- Born: Sadia Khatri
- Occupations: Writer, Journalist, Photographer, Film critic
- Known for: Feminist, Founder of Girls at Dhabas

= Sadia Khatri =

Pakistani journalist and photographer, co-founder of Girls at Dhabas

Sadia Khatri (Urdu: سعدیہ کھتری) is a Pakistani writer, photographer and feminist based in Karachi. She has worked as a journalist at Dawn and The Kathmandu Post, and as a reportage editor with Papercuts Magazine. Khatri is also one of the founders of the feminist collective Girls at Dhabas.

== Early life and education ==
Sadia Khatri graduated from Mount Holyoke College, Massachusetts, USA. She began as an Astronomy and Physics major and later added Journalism and Media Studies.

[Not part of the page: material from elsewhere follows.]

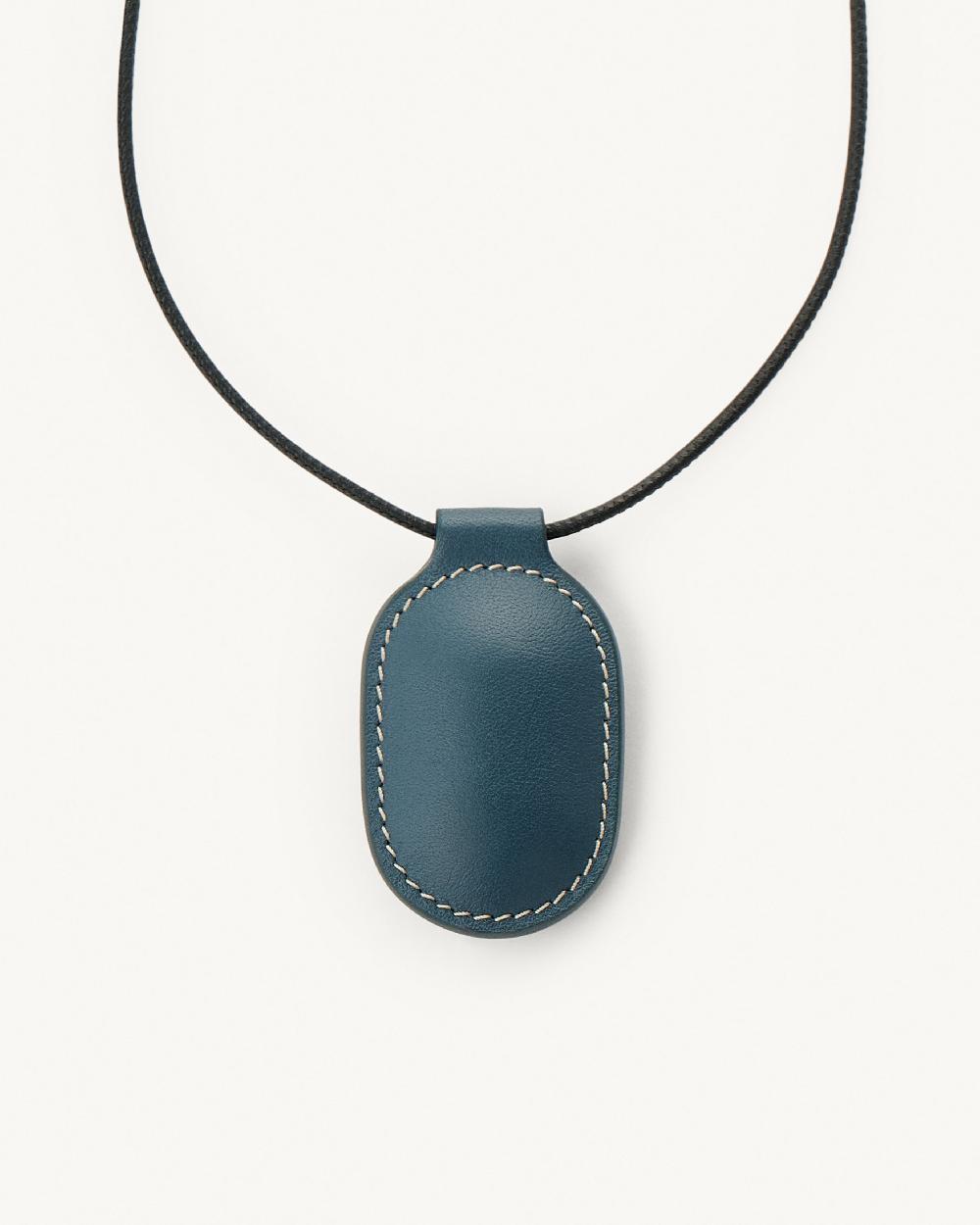 savette Tondo Pendant Necklace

Before coming to the United States, Khatri pursued photography as a hobby. Her interest in art and photography stems from her adventures in Karachi’s art and culture scene. She often attended concerts, literary lectures and community art shows with her sister, Fiza Khatri, who also attended Mount Holyoke College. Similar to the US blog "Humans of New York," Khatri blogged on the theme of "Humans of Pioneer Valley" during her college graduation period in the US.

In 2011, Khatri took photographs of children who spend most of their time living by the roadside in commercial areas of Karachi. These photographs were displayed in an exhibit in Karachi. Underneath each photograph, there was a quote from the corresponding street child to convey their perspective on life through their own words.

== Career ==
In her autobiographical essay "Fear and the City," which received a special citation in the recently announced Zeenat Haroon Rashid Writing Prize for Women, Khatri narrates her liberation through travel and struggle reclaiming public spaces in her hometown of Karachi, She ends her essay with her experience of a recent hate assault.

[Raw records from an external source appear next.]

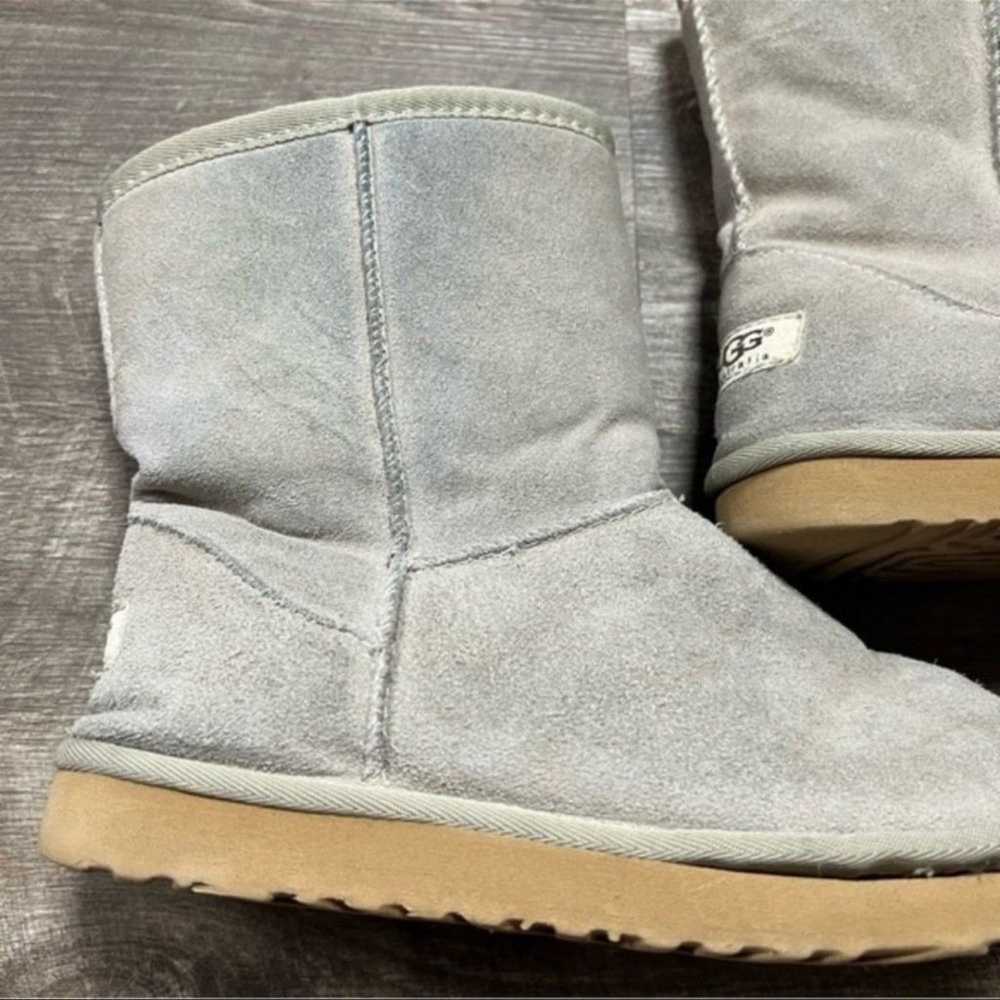 UGG Classic Short II Boot Size 8 - image 2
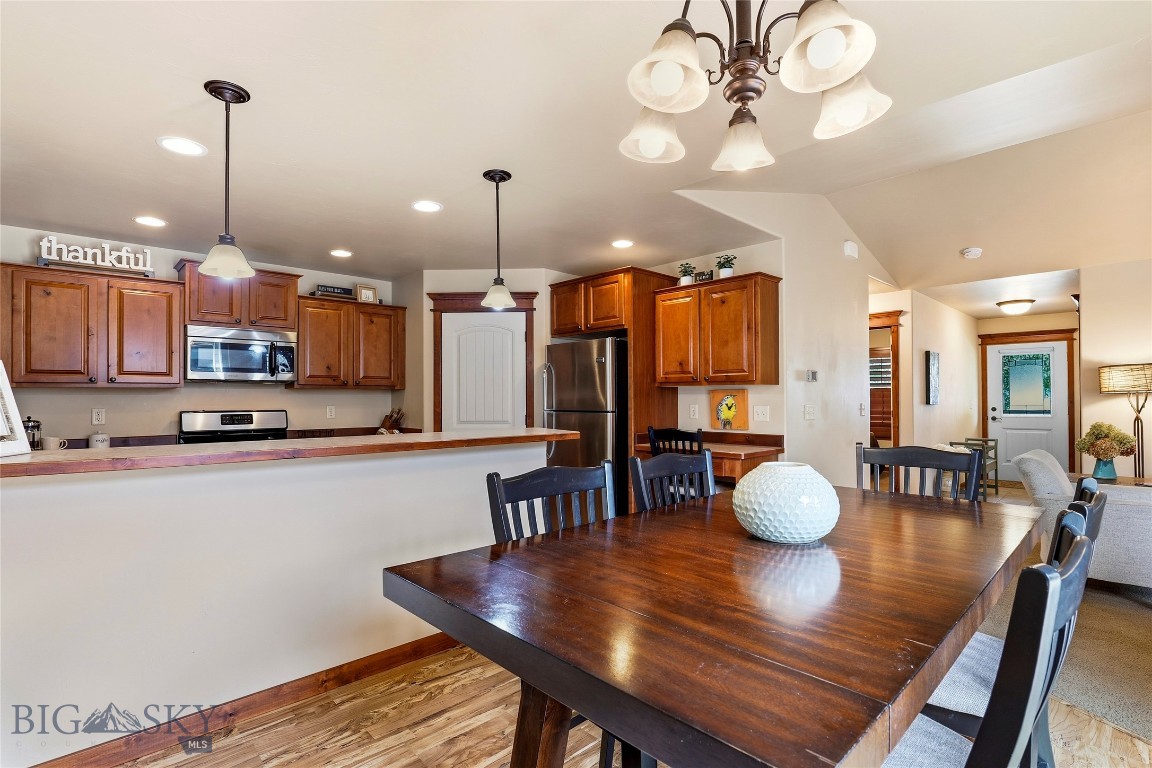 1007 Cottonwood Road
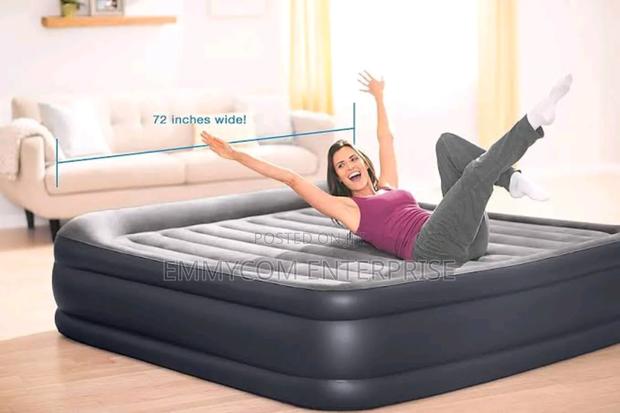 Queen Size Air Bed Mattress With Inbuilt Electric Pump photo 2
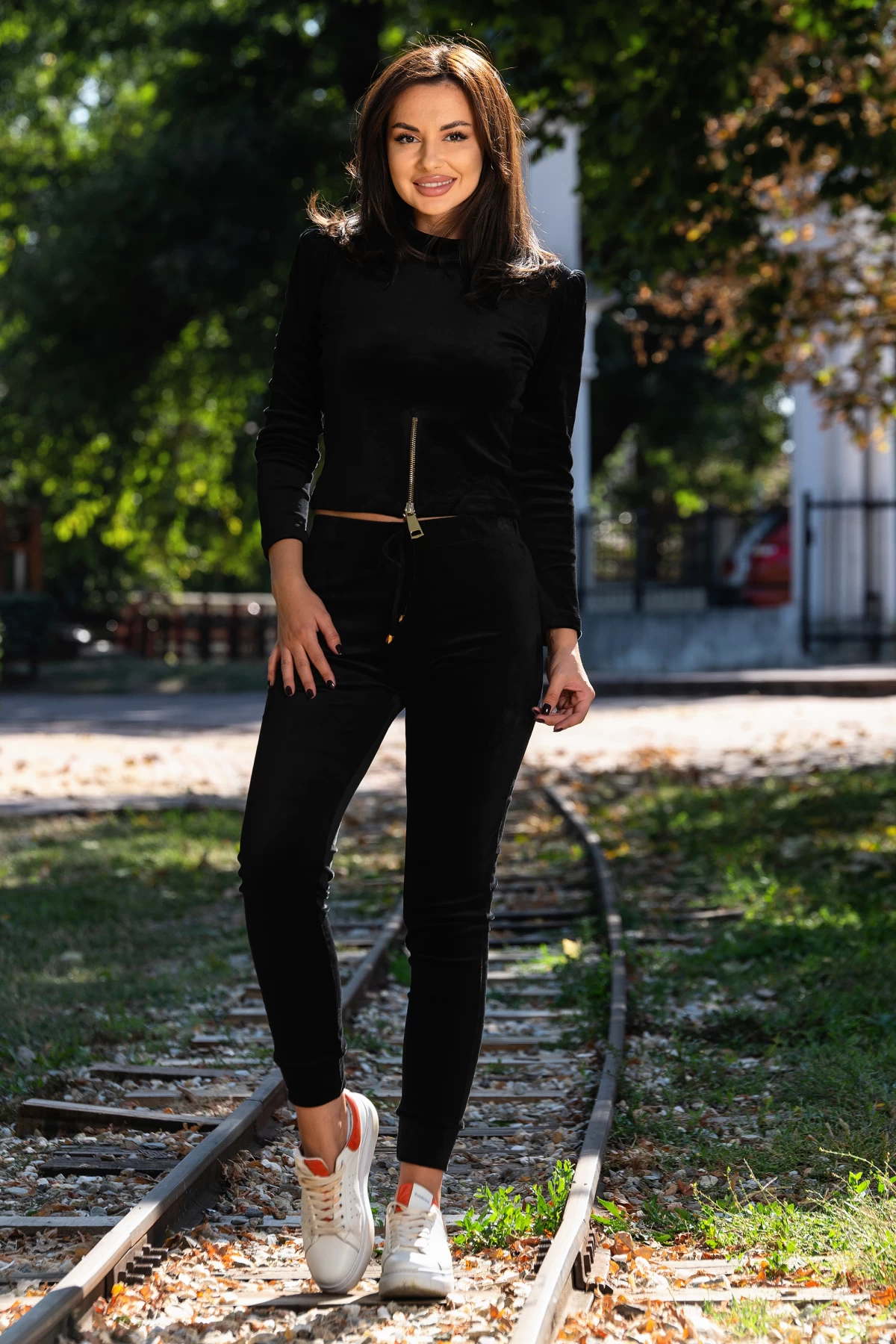 Trening Catifea Negru Inpuff - Elegant Confortabil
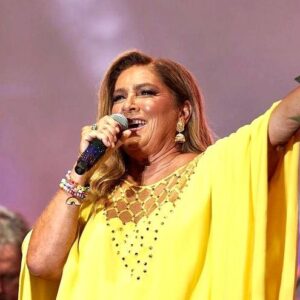 Romina Power Instagram - Ricordando il bellissimo concerto a Bucharest ed il calore della gente, sia dei Rumeni che del pubblico arrivato dall’Italia, dalla Russia, dalla Spagna e dalla Turchia 🫶 e poi un bel incontro a sorpresa con @ramonabadescuofficial 💚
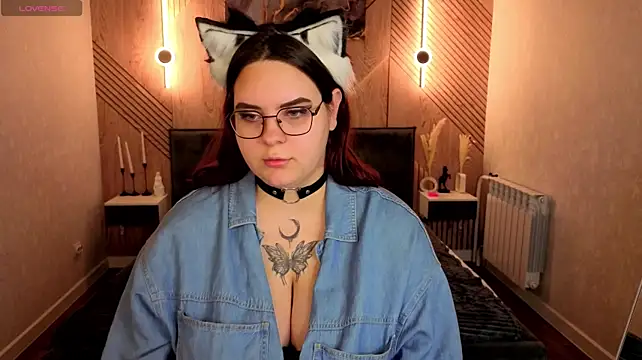 Chat XXX ao vivo de Kity_Mooree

She has worked as a journalist at Dawn and The Friday Times. She also is a film critic. She also participated in Critic's Academy at the prestigious Locarno Film Festival.

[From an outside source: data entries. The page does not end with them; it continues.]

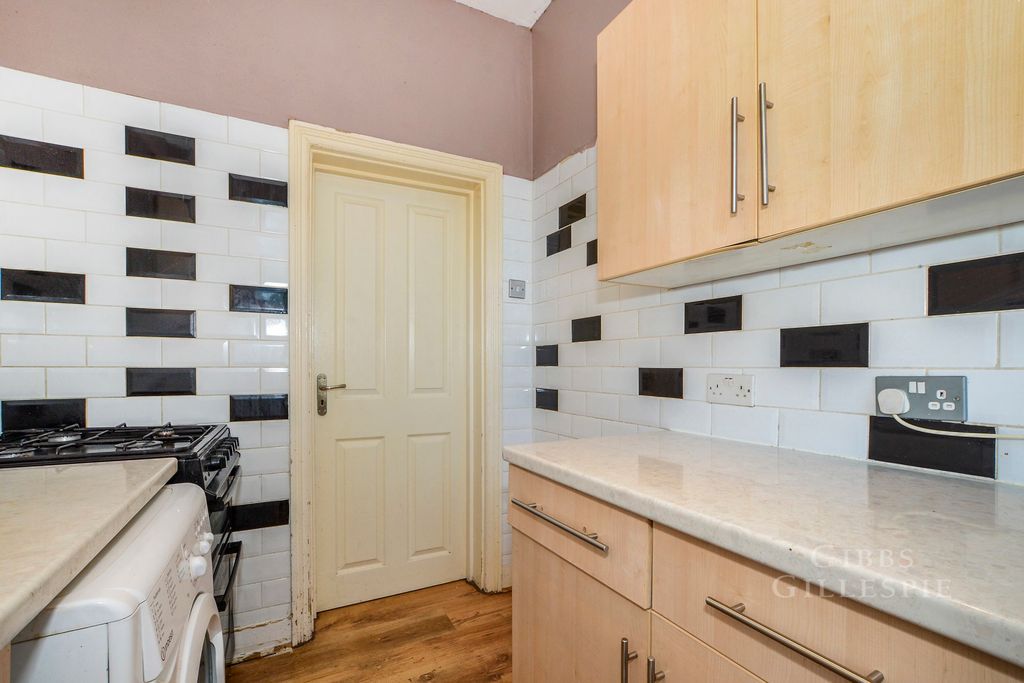 Property photo 2 of 11 Pbox-Img.Jpg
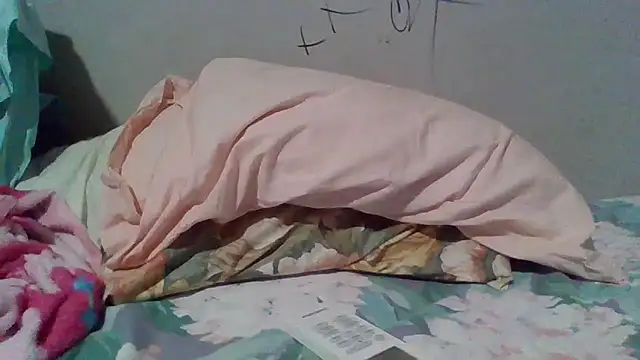 Whiper2024 online show from September 30, 2025, 4:39 am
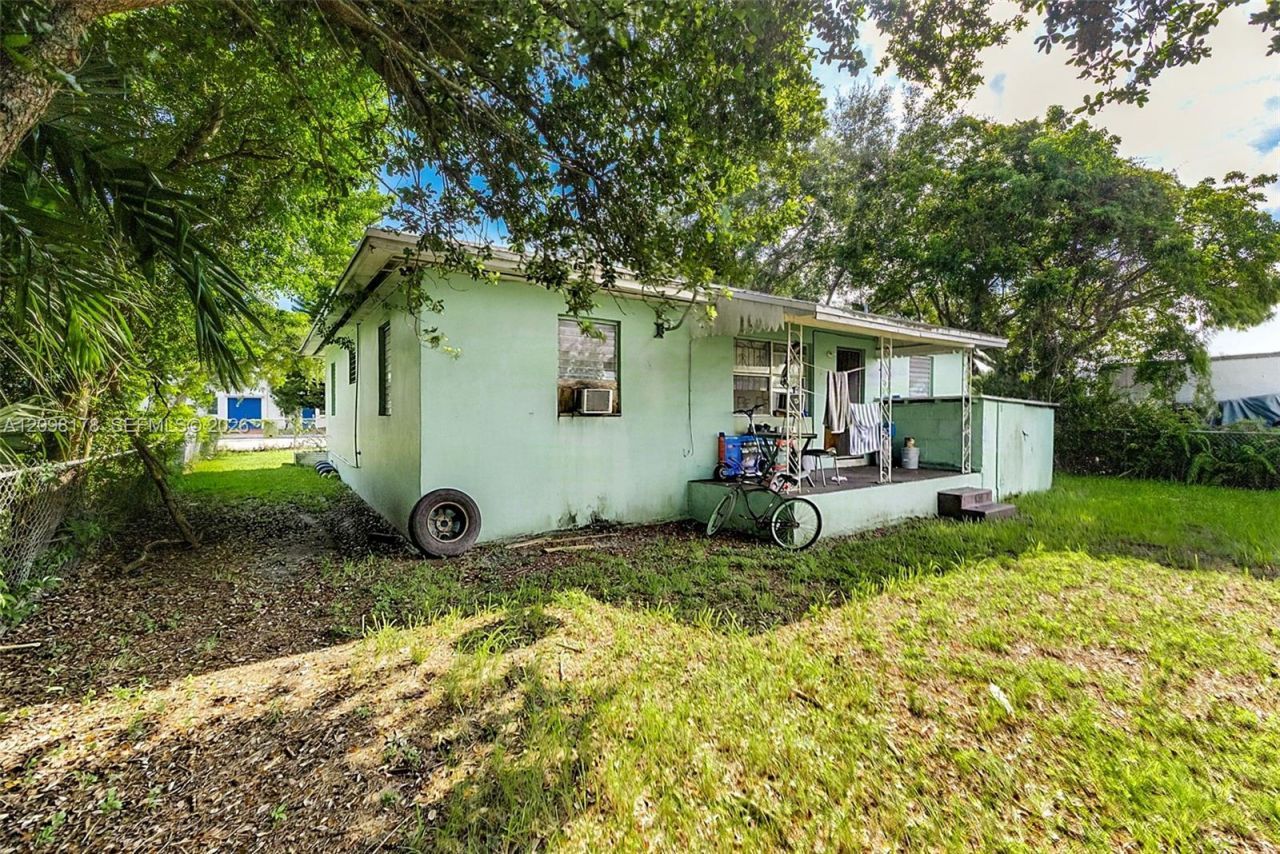 2525 NW 50th St, Miami, FL 33142 Photo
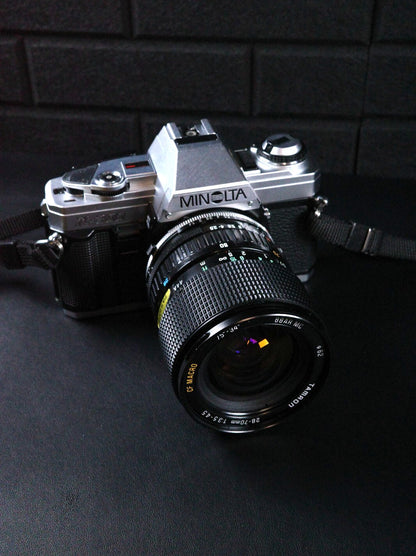 Working Minolta X-300 Vintage 1980's 35mm SLR Film Camera + Tamron 28-70mm Lens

She also acted in a music video of a feminist anthem by all-girl band Garam Anday.

== Feminism ==
Girls at Dhabas

Khatri is one of the founders of the feminist collective Girls at Dhabas. The collective was born out of the daily frustrations of middle- and upper-class women experience who are forced to stay in safe locations and cannot go out alone without good reason. This led Khatri to think about the violence she had experienced at home, in private spaces, which was far greater than anything she had been subjected to on the streets. It made her see how safety was just an argument used to reinforce the private/public binary and to police the bodies and sexuality of women.

Aurat March

Khatri's was part of the organizing team for Aurat March in 2018 (women's march).